Required action: In the entries below, find the line containing "Sunset over downtown" and the line containing "grilled chicken with salad on wooden plate". Copy those two lines and everything between them exactly, without the pictures.
======== Exercise data ========
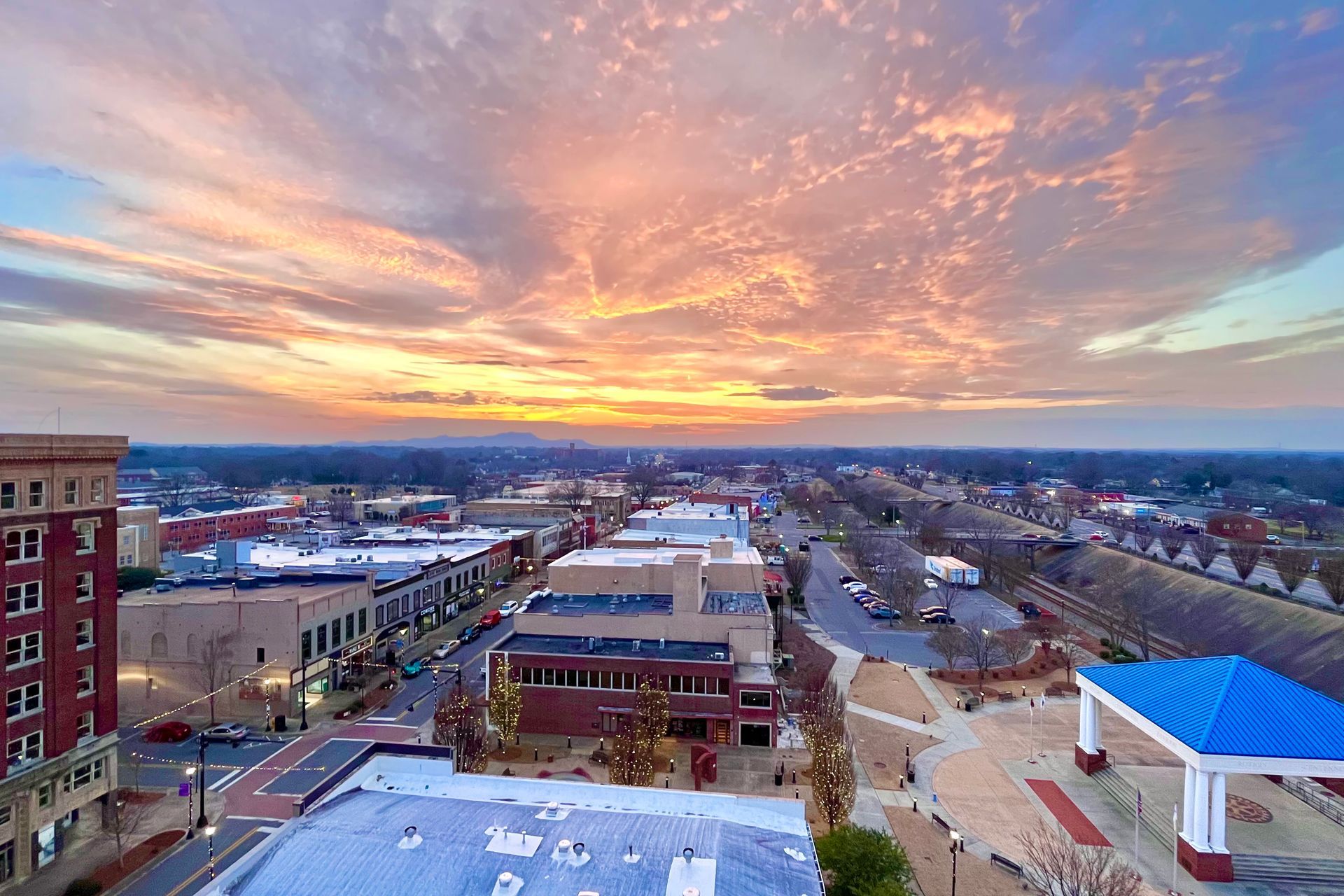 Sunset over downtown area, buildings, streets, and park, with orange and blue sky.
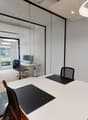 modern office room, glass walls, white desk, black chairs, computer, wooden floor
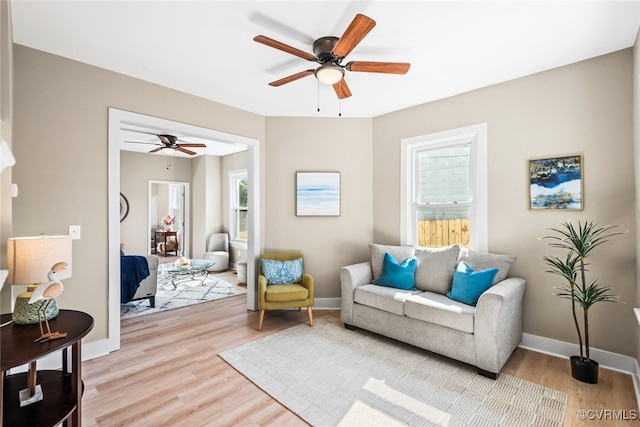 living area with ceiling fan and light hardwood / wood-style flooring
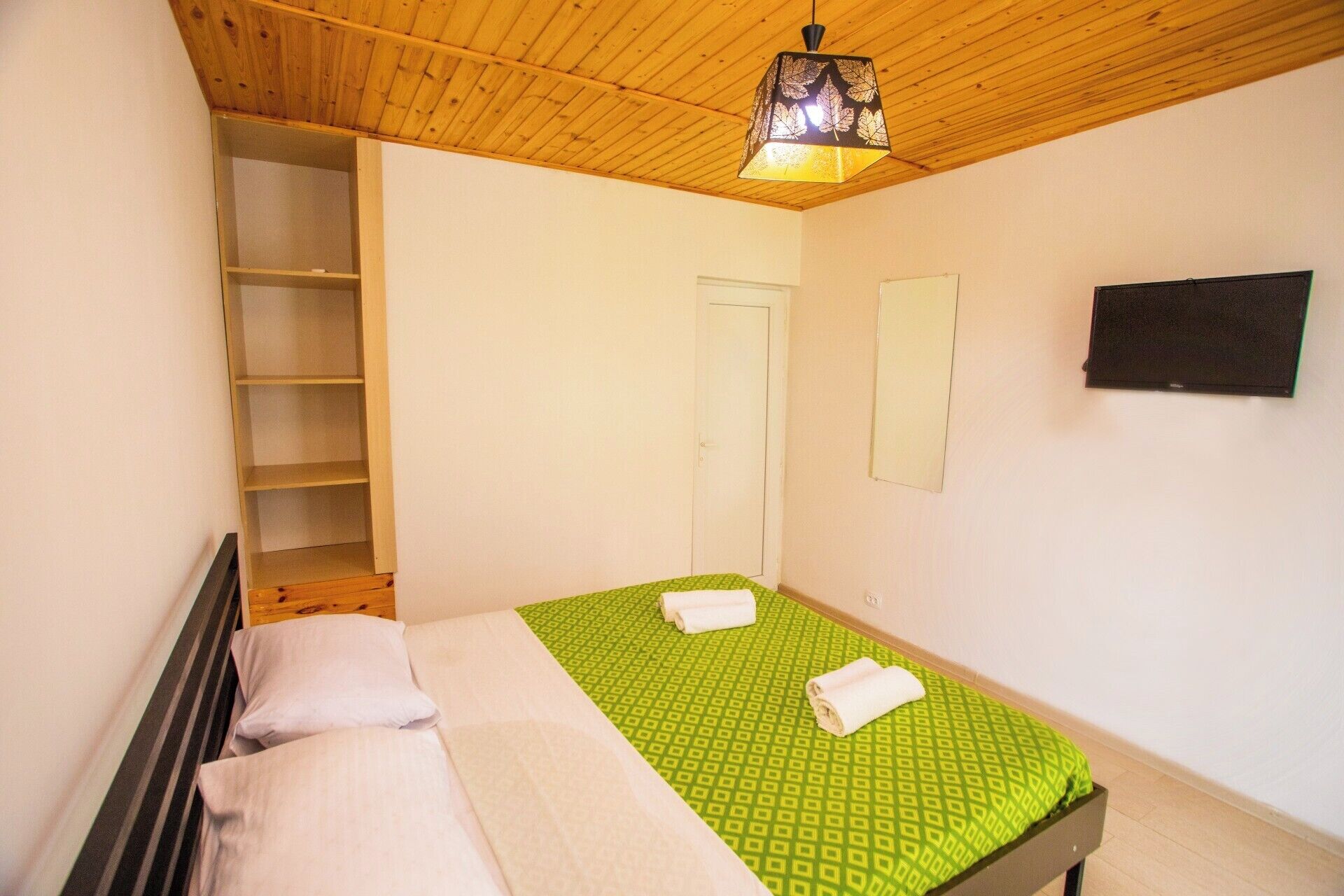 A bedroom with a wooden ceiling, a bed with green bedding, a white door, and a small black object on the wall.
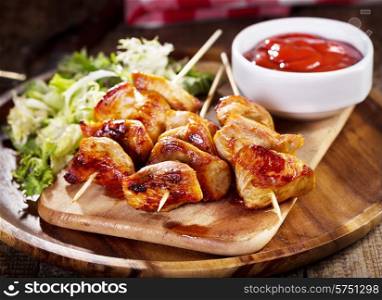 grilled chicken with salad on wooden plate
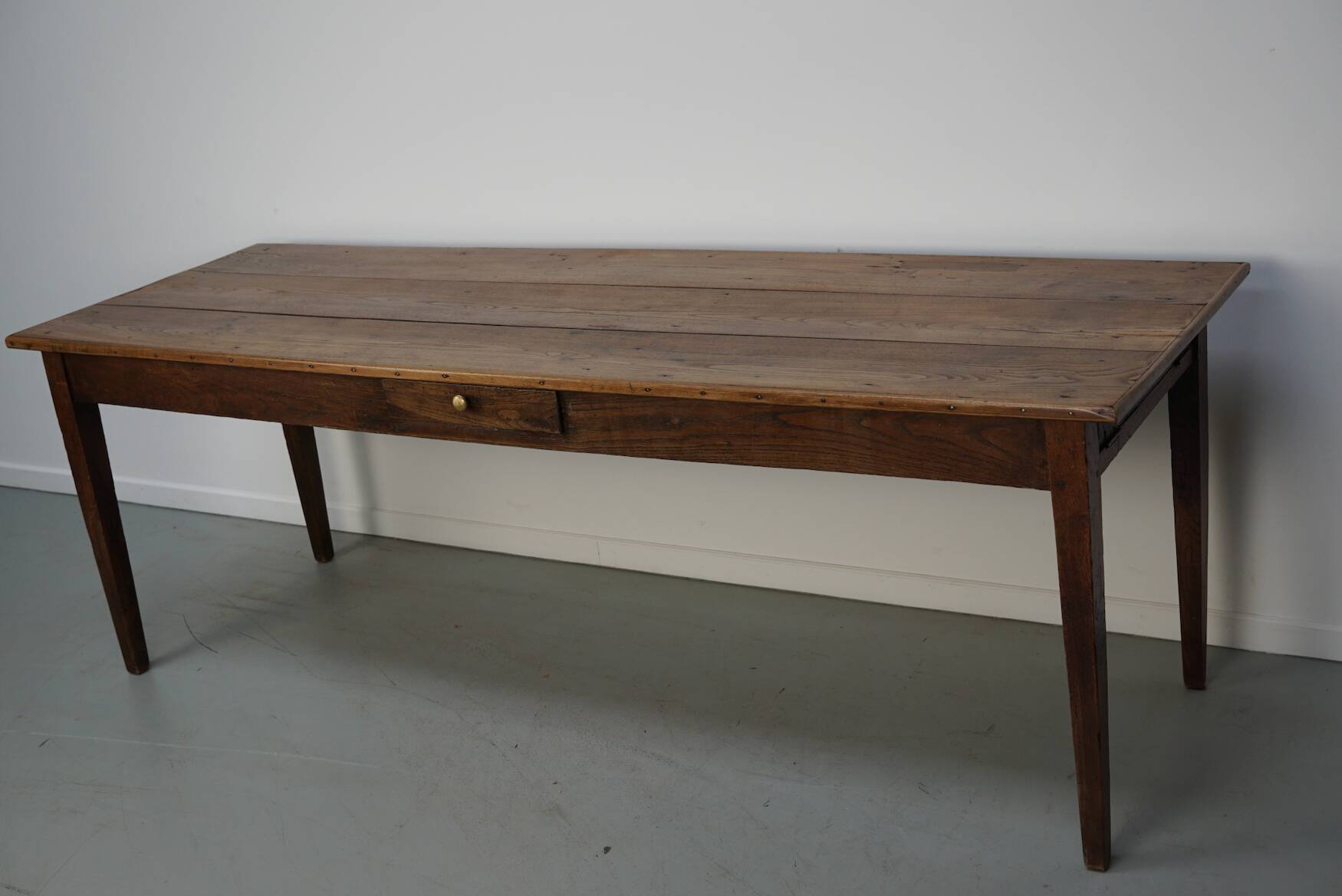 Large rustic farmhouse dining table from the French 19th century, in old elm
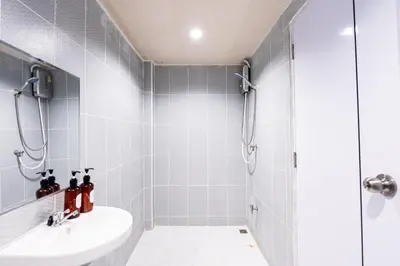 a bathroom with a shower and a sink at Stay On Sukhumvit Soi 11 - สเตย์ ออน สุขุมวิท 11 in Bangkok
========
======== Exercise data ========
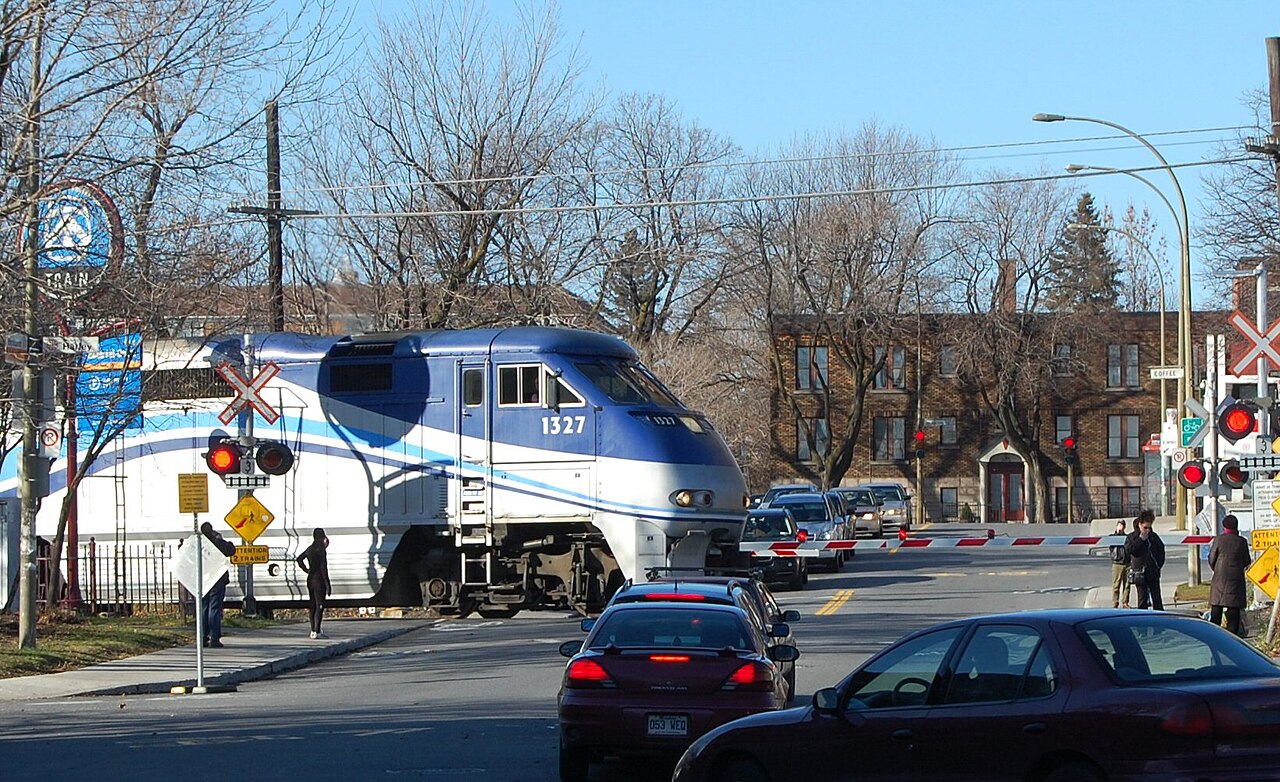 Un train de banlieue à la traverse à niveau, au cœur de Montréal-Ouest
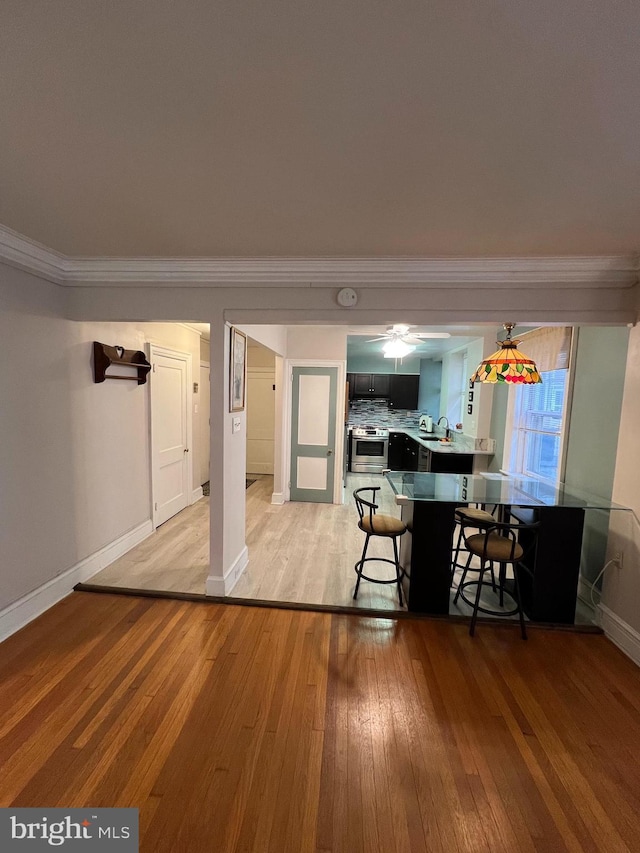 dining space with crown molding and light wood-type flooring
========
Solution to this problem:
 Sunset over downtown area, buildings, streets, and park, with orange and blue sky.
 modern office room, glass walls, white desk, black chairs, computer, wooden floor
 living area with ceiling fan and light hardwood / wood-style flooring
 A bedroom with a wooden ceiling, a bed with green bedding, a white door, and a small black object on the wall.
 grilled chicken with salad on wooden plate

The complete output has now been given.